In the hotline’s first two years, the men fielded almost 8,000 calls, texts and emails — any hour, any day. It’s their full-time job, with their salaries paid by their locals.
Pursell credits LEAN-STL’s effectiveness to the “bottom-up” approach. People who use the hotline are talking to someone who has been in a similar position, who understands the job and its stressors. There is no power differential or risk of losing face.
“No one wants to go to their boss and seem like a mess,” Pursell said.
Local 3 of the elevator constructors has followed LEAN-STL’s path with its own peer-support line, operated by volunteers. Scott, the business representative, introduced Mike Jasper to Pursell and Walsh last fall.
Jasper, who has been in recovery for about three years, became a certified peer specialist along with six other men from Local 3.
“The team is very alike but with all different experiences,” said Jasper. “It’s like a Skittles pack.”
At first, he wasn’t sure what to expect. He found that he didn’t have to solve anyone’s problems. He didn’t need all the answers. He only needed to be open.
“I’m just a buddy to find resources,” Jasper said. “We’re unconditional. We’re there for the first call, we’re here for the second call — we’re here all the time.”
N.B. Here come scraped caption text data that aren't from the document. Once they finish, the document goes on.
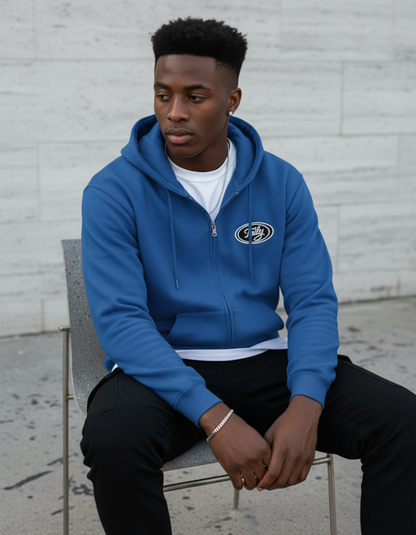Taily Zip Hoodie – Classic Embroidered Streetwear in Royal, worn by a model sitting casually.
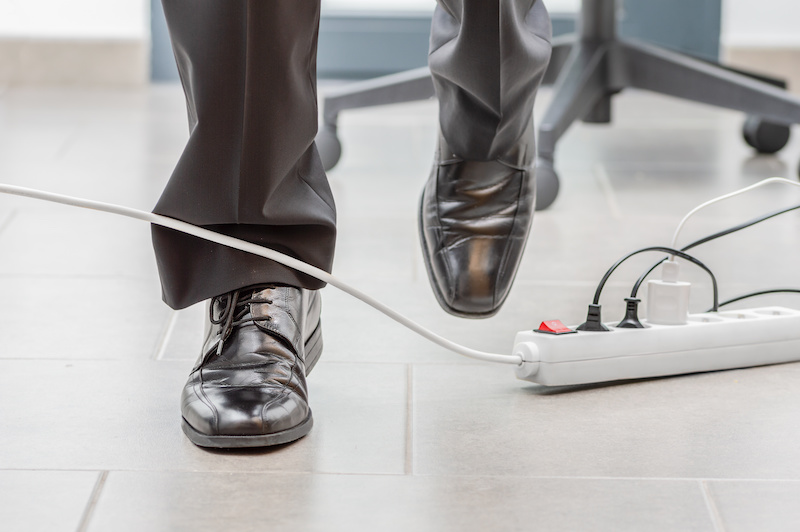 A business man trips over a cord in a workplace accident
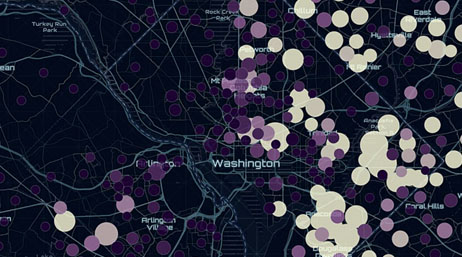 A map of Washington in the ArcGIS Living Atlas of the World showing community impact on the environment using purple and tan-colored circles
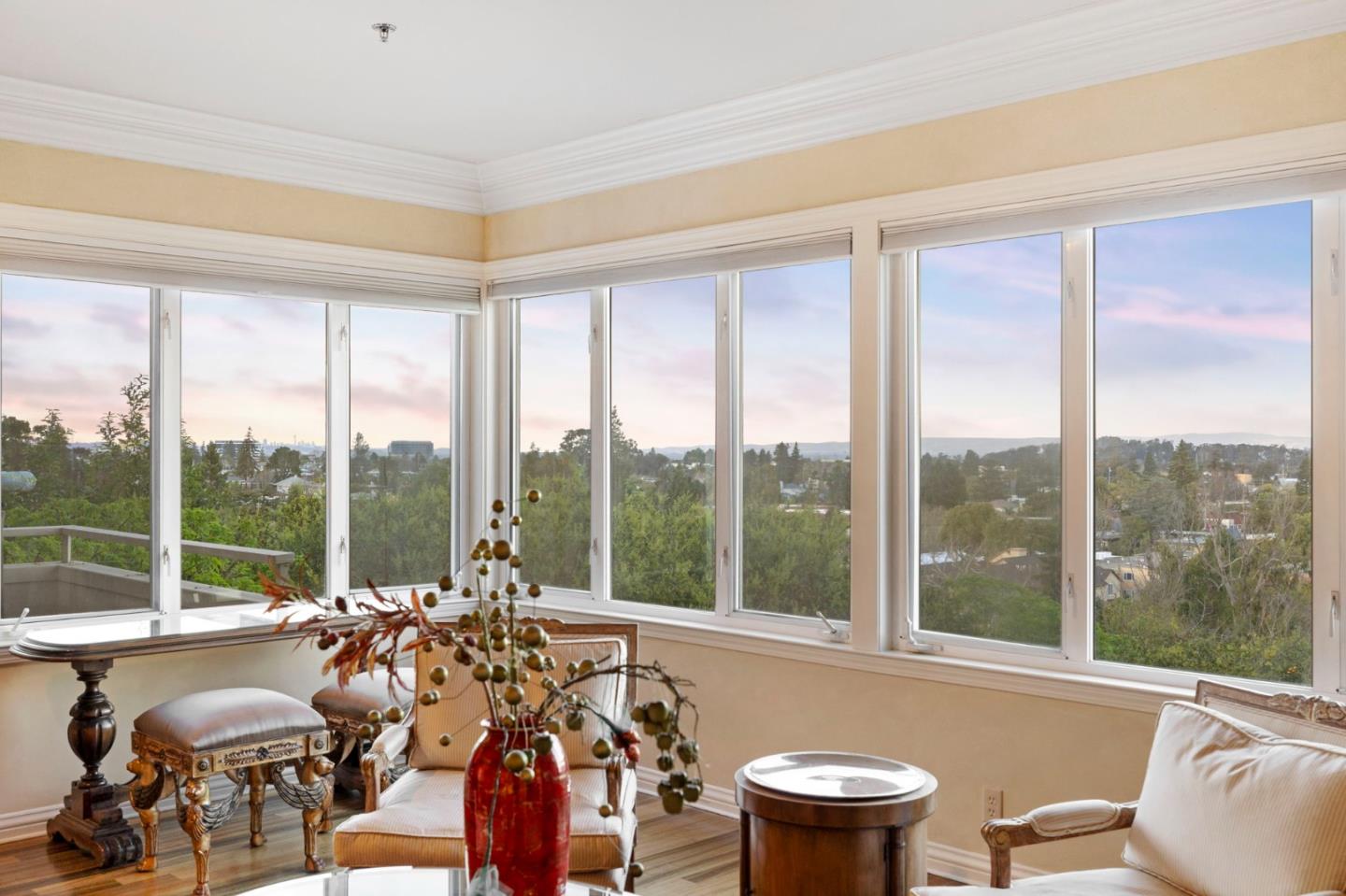24 Mounds Road, Unit A San Mateo, CA 94402 - Photo 1 of 20 a view of a city from a dining room with furniture and floor to ceiling windows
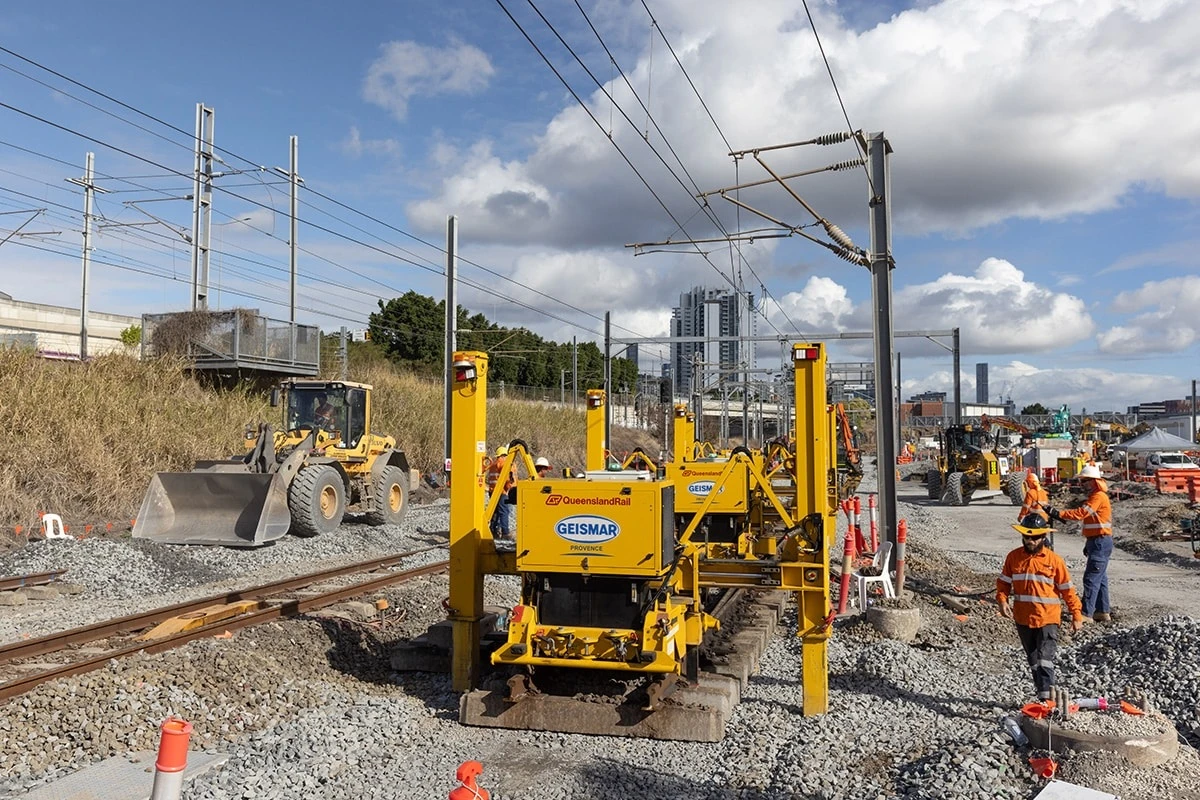 Workers in orange safety gear operate heavy machinery on a railway construction site, with tracks being installed and gravel spread. Equipment and power lines are visible under a partly cloudy sky near city buildings.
The spread of the hotlines from one union to another is an example of what the Wellness Coalition can do, its leaders said. Instead of labor groups remaining in silos, they can share information, collaborate on programs and remove barriers for workers who need help. The coalition’s seven executive board members have been meeting monthly since July and expect to have nonprofit status by early next year.
“The trades are very tribal,” said Gaal, one of the coalition’s board members. “We needed to get as many of them as possible to discuss what’s going on and hopefully overcome some of these issues.”